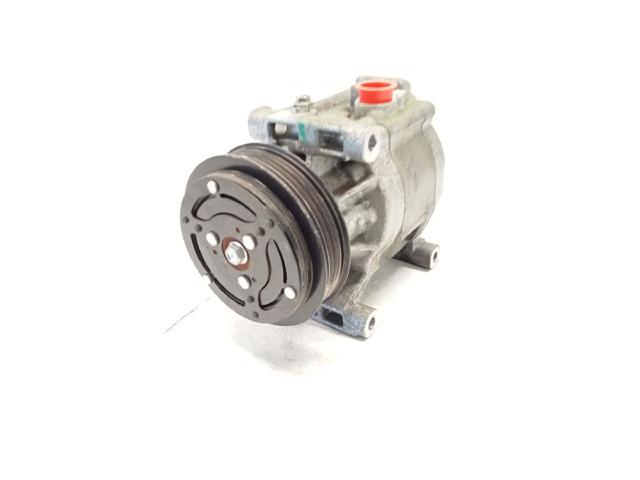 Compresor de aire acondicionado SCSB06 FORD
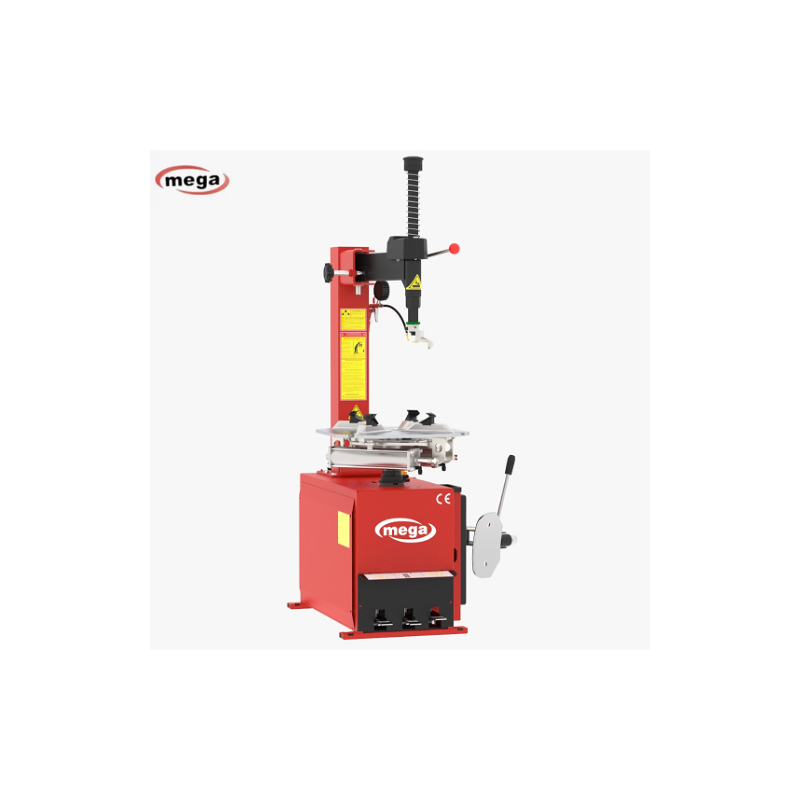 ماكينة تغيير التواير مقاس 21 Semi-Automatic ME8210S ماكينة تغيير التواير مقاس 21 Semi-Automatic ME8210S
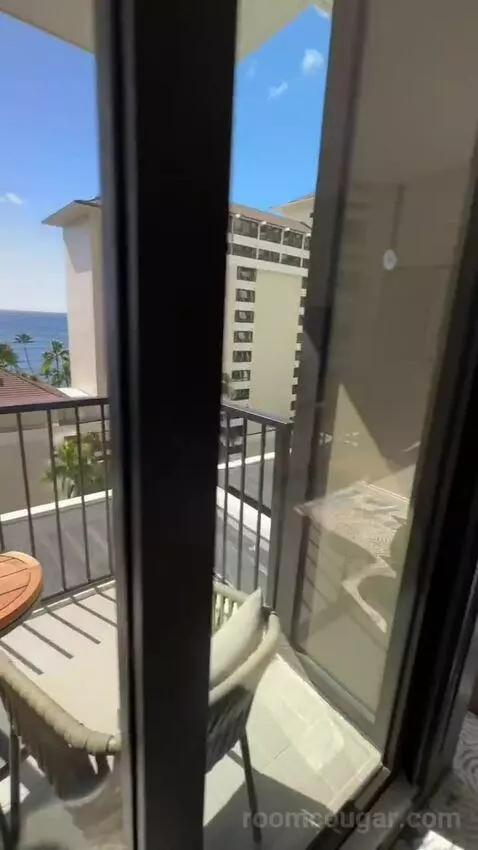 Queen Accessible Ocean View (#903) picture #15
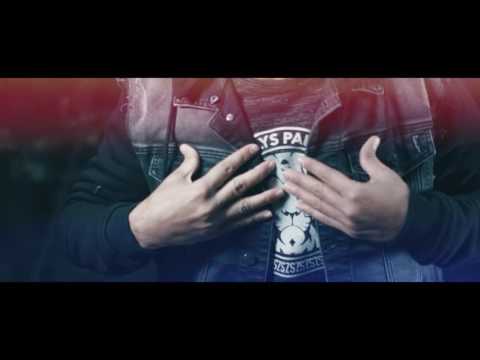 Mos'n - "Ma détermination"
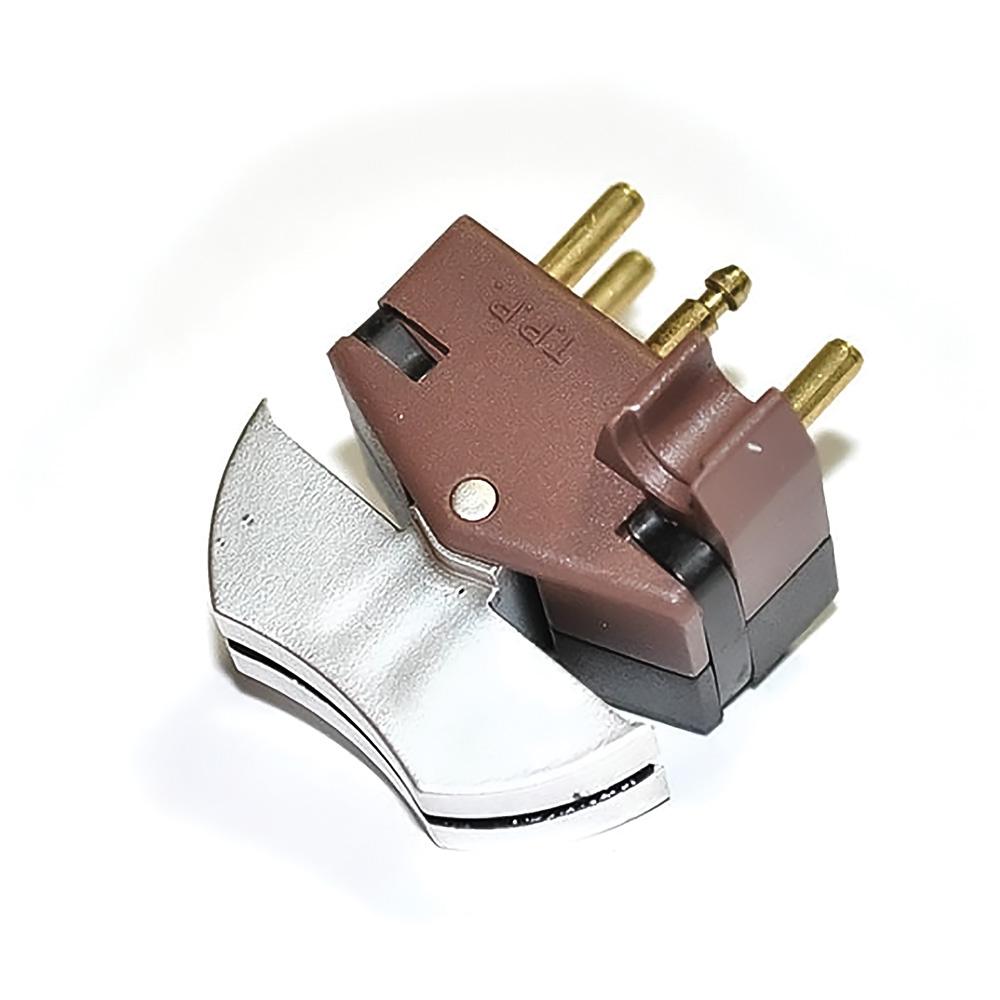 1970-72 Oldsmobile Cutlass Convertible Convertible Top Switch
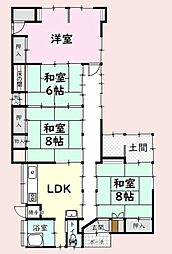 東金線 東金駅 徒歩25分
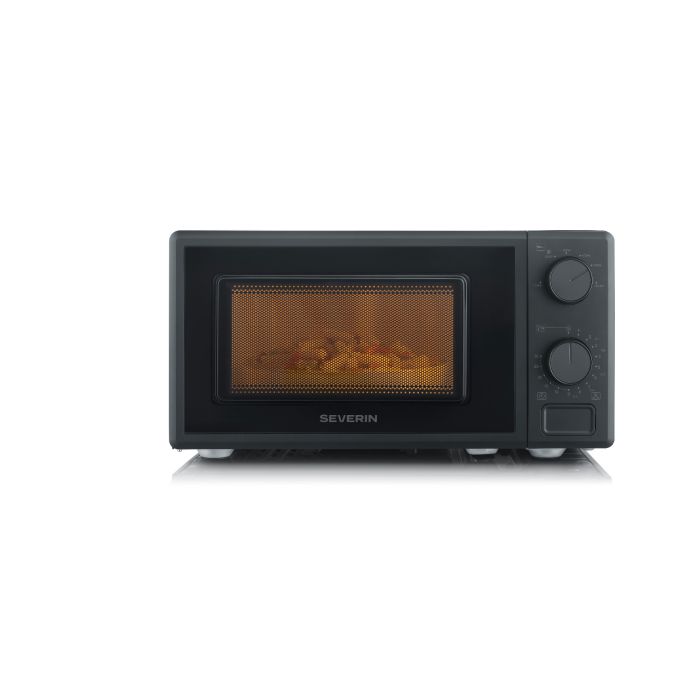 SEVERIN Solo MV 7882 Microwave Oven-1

-- Task goal --
All entries should be given again exactly, except that pictures are to be excluded.

-- Answer for the task --
 Compresor de aire acondicionado SCSB06 FORD
 ماكينة تغيير التواير مقاس 21 Semi-Automatic ME8210S ماكينة تغيير التواير مقاس 21 Semi-Automatic ME8210S
 Queen Accessible Ocean View (#903) picture #15
 Mos'n - "Ma détermination"
 1970-72 Oldsmobile Cutlass Convertible Convertible Top Switch
 東金線 東金駅 徒歩25分
 SEVERIN Solo MV 7882 Microwave Oven-1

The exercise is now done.